2007 Annual Report
1a.Objectives (from AD-416)
To insure healthy and populous European honey bee colonies for pollination we will; develop artificial diets that will enhance colony health and population size; investigate novel strategies for control of Varroa based upon chemical cues affecting mite behavior and reproduction; and determine factors leading to the usurpation of European honey bee colonies by African bees.
1b.Approach (from AD-416)
The movement and transport of managed bees for commercial pollination purposes poses several important problems and risks to colonies. Lack of suitable nutrition, particularly during times of transport, results in weakened colonies that are less effective pollinators. Colonies are weakened further by the presence of parasitic mites. Migratory honey bee colonies in the southwestern U.S. and California face an additional challenge from feral populations of Africanized bees which can invade hives and replace managed European bee colonies. Our approach to insuring that strong, healthy colonies are available for pollination is to develop dietary supplements to stimulate brood rearing and boost colony strength; reduce the impact of paratitic mites using specific controls based on mite behavior; and determine factors that lead to usurpation of colonies by Africanized bees. In combination, the three elements of our approach will increase the number and pollinating efficiency of European honey bee colonies used for pollination. Formerly 5342-21000-012-00D and 5342-21000-013-00D (combined 10/04).

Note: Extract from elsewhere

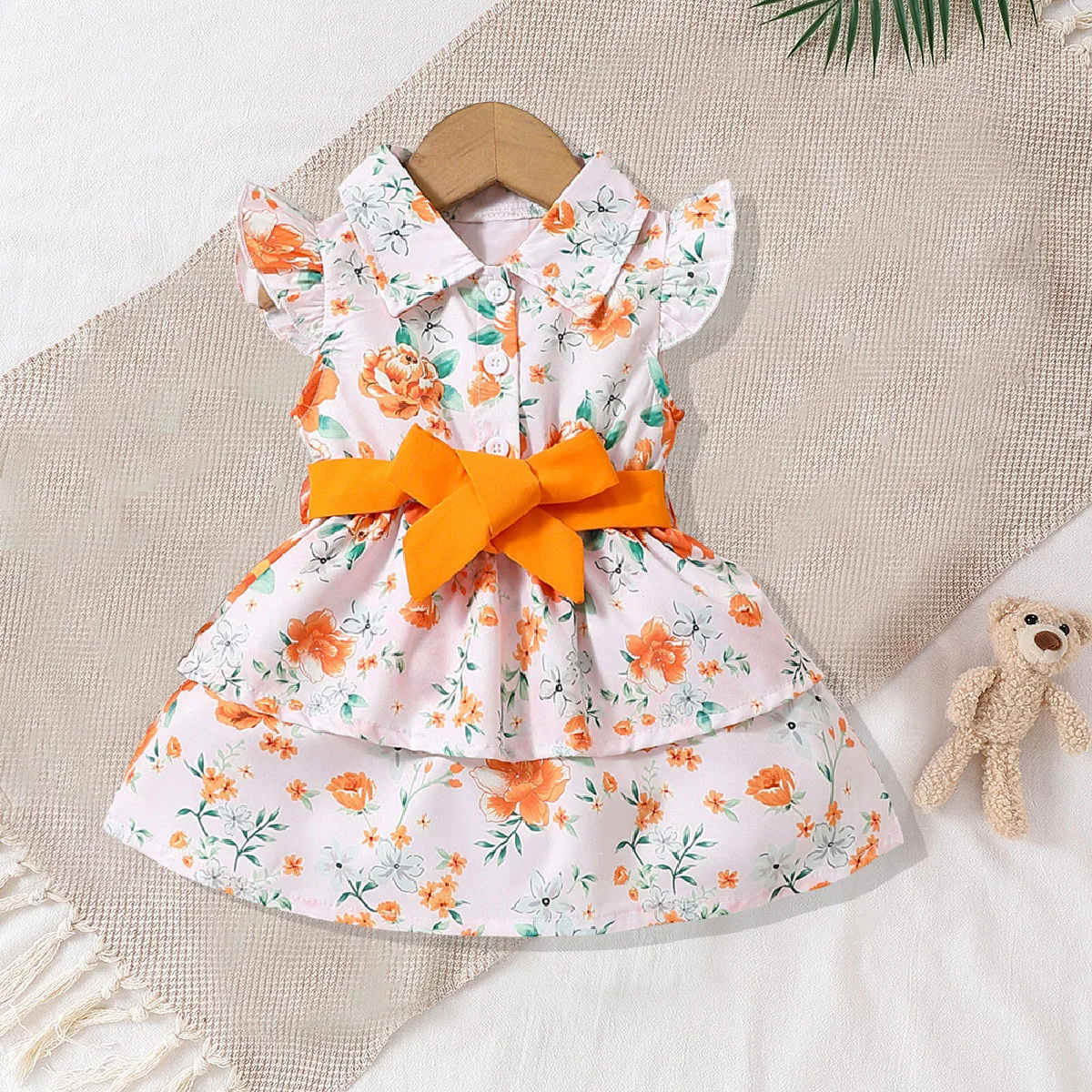 

Baby girl flower green leaf print cute orange fly sleeve lapel dress with belt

In FY 2007, we conducted a field test comparing the Tucson Bee diet we developed with other commercially available diets, bee–collected pollen (positive control), and high fructose corn syrup (HFCS) (negative control). The consumption of the Tucson Bee diet and resulting colony growth did not differ from pollen, but was significantly greater than some commercial diets and HFCS. Larvae from mite resistant and susceptible lines were sampled for volatiles that might affect parasitism by Varroa. Identification of the compounds has begun. We found that a volatile queen-specific compound (previously identified by our Laboratory), plays a role in queen acceptance and might also be a cue to invading swarms that communicates the presence of a queen in the colony. Invasion swarms prefer to invade queenless colonies. Workers in invasion swarms do not appear to force their way into colonies, but instead bypass the colony’s guard bees by either offering food or acquiring the odors of workers in the colony. We found that invading workers protect their queen during the invasion process by forming a cluster around her. The workers release the queen in the invaded colony about 48hrs after entering.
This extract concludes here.